Entre 170 000 et 250 000 personnes étaient bloquées dans la ville au moment de la chute d’al-Facher. Plus de 80 000 auraient réussi à fuir mais personne ne sait où elles sont. Certains réussissent à atteindre le Tchad voisin en entrant, pour la plupart par Tiné et Oure Cassoni au nord-est du pays. 

Brahim Ahmad Abbakar vient d’arriver dans le camp de réfugiés de Touloum, à environ deux heures de Tiné, à la frontière soudanaise. C’est là qu’une partie des nouveaux réfugiés sont délocalisés pour désengorger la frontière. Il a quitté al-Facher la veille de l’ultime offensive des paramilitaires des Forces de soutien rapide (FSR) emmenées par le richissime général Mohamed Hamdan Daglo, dit "Hemedti".

"Des bombardements, des armes et des gens tués tous les jours… Ça fait plus d’un an que nous sommes cachés dans les tranchées, sous terre."

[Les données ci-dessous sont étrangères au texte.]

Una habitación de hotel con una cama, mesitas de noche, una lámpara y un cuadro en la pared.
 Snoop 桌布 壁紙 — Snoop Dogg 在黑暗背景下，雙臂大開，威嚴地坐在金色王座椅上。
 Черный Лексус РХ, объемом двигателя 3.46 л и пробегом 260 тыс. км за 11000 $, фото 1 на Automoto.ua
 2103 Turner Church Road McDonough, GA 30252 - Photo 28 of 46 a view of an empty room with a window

Brahim Ahmad Abbakar, réfugié d’al-Facher

à franceinfo

"Tous les jours, il y avait plusieurs centaines de bombardements, et le jour de l’attaque, tous ceux qui ont cherché à quitter la ville sont morts, poursuit le réfugié. Ils ont tué tous les civils. Ils ont tué tout le monde. Quand tu es face à eux, que tu sois militaire ou non, ils ont tué et égorgé tout le monde. C’est dur. Je n’arrive pas à en parler".

"Humiliés, harcelés, pillés"

Le 26 octobre dernier, la capitale du Darfour-Nord tombe entre les mains des FSR après un siège de 18 mois. Le mari de Rahma Mouhamad Abdallah a été tué par balle, l’année dernière, mais elle a réussi à quitter al-Facher avec ses cinq enfants. "Il n’y avait pas de répit, on passait la journée dans les sous-sols, raconte-t-elle. Des enfants ont été tués. Ils sont morts de soif. On voyait des enfants errer seuls, sans habits, perdus. Beaucoup ont perdu père et mère." 

"On s’est moqué de nous, on a été humiliés, harcelés, pillés. Ils ne nous ont rien laissé".

Rahma Mouhamad Abdallah, réfugiée soudanaise

à franceinfo

D’autres ont réussi à quitter al-Facher il y a plusieurs mois. Samia Ousman Ali est arrivée à Tiné en juillet avec ses trois enfants. Originaire de la capitale, son mari est militaire de l’armée régulière soudanaise. Il est introuvable. "Je ne sais pas ce qu’il est devenu. Je l’ai laissé là-bas, mort ou vivant je ne sais pas, confie-t-elle. Je n’ai plus du tout de nouvelles. Depuis la chute d’al-Facher, on n’a plus aucune nouvelle. On vivait sous les bombardements et les avions qui tournaient. On a vu des gens se faire frapper. Et sur la route, ils nous ont pillés".

Les routes qui relient le Soudan au Tchad sont très dangereuses . Il y a des bombardements, des tirs de drones mais aussi des check-points qui rendent la fuite vers le Tchad très difficile.